- MATERIALS PROVIDED -
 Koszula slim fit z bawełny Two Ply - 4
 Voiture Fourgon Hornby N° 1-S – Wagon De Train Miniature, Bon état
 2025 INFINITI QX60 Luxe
==
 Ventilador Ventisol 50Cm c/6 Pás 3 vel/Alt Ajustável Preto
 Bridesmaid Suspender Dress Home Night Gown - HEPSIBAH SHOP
* * *
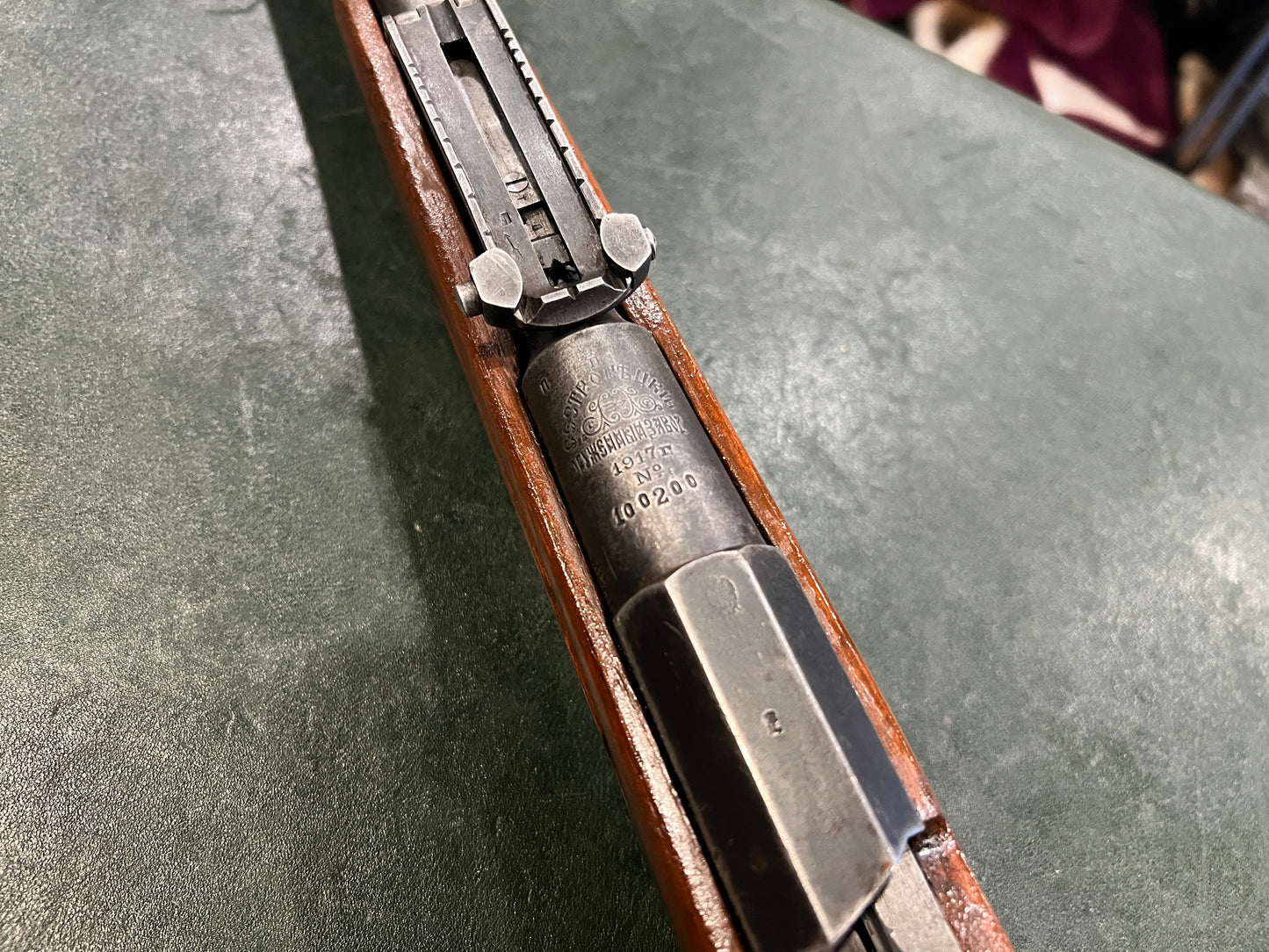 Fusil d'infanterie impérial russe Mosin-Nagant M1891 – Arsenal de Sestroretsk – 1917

- AIM OF THE TASK -
In the listing above, locate the line containing "Voiture Fourgon Hornby" and the line containing "2025 INFINITI QX60 Luxe", then transcribe both and every line between them verbatim.

- ANSWER TO THIS TASK -
 Voiture Fourgon Hornby N° 1-S – Wagon De Train Miniature, Bon état
 2025 INFINITI QX60 Luxe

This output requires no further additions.